The expression 3 > 2 would parse as Mt (I 3) (I 2).

I tried to approach the problem with Parsec. However, the module Text.Parsec.Expr deals only with expressions, with type a -> a -> a. Any suggestions?

CodePudding user response：

Parsing directly into a GADT is actually kind of tricky. In my experience, it's usually better to parse into an untyped ADT first (where the a -> a -> a types are a natural fit), and then separately "type check" the ADT by transforming it into the desired GADT. The main disadvantage is that you have to define two parallel types for the untyped and typed abstract syntax trees. (You can technically get around this with some type level tricks, but it's not worth it for a small language.) However, the resulting design is easier to work with and generally more flexible.

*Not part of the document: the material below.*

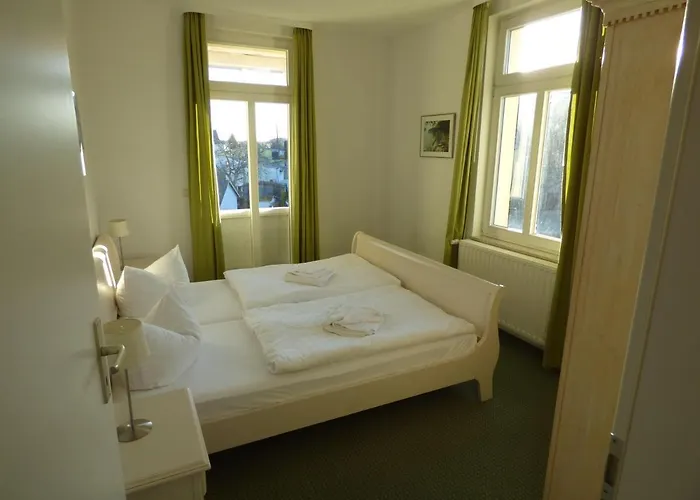 Villa Loni 7 *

In other words, I'd suggest using Parsec to parse into the untyped ADT:

data UExpr where
  UI :: Int -> UExpr
  UB :: Bool -> UExpr
  UVar :: String -> UExpr
  UAdd :: UExpr -> UExpr -> UExpr
  UEq :: UExpr -> UExpr -> UExpr
  UMt :: UExpr -> UExpr -> UExpr

and then write a type checker:

tc :: UExpr -> Expr a

Actually, you won't be able to write a tc like that. Instead you'll need to break it up into mutually recursive type checkers for different expression types:

tc_bool :: UExpr -> Expr Bool
tc_int :: UExpr -> Expr Int

and you'll probably want to run them in a Reader monad that provides a list of valid variables. (Type checking normally involves checking the types of variabels. In your case, you only have integer variables, but it still makes sense to ensure the variables are defined at the type checking stage.)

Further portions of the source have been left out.